(Beginning of SOURCE MATERIAL)
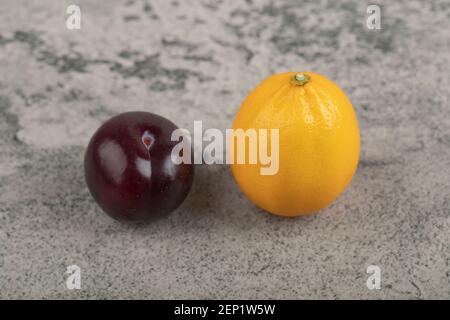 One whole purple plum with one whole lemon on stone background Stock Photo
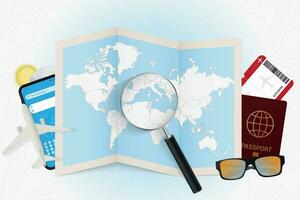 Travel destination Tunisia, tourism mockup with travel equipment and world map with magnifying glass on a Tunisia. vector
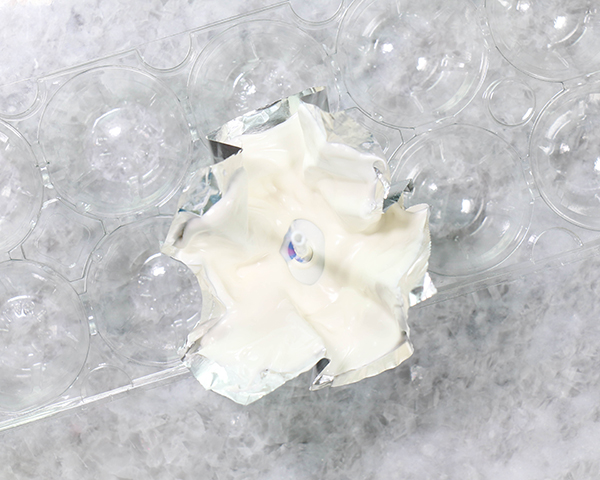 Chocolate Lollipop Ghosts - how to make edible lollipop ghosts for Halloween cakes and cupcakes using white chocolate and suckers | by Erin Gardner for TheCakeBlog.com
(End of SOURCE MATERIAL)
WORK TO BE COMPLETED: Copy the lines above exactly and exclude every image.

YOUR RESPONSE:
 One whole purple plum with one whole lemon on stone background Stock Photo
 Travel destination Tunisia, tourism mockup with travel equipment and world map with magnifying glass on a Tunisia. vector
 Chocolate Lollipop Ghosts - how to make edible lollipop ghosts for Halloween cakes and cupcakes using white chocolate and suckers | by Erin Gardner for TheCakeBlog.com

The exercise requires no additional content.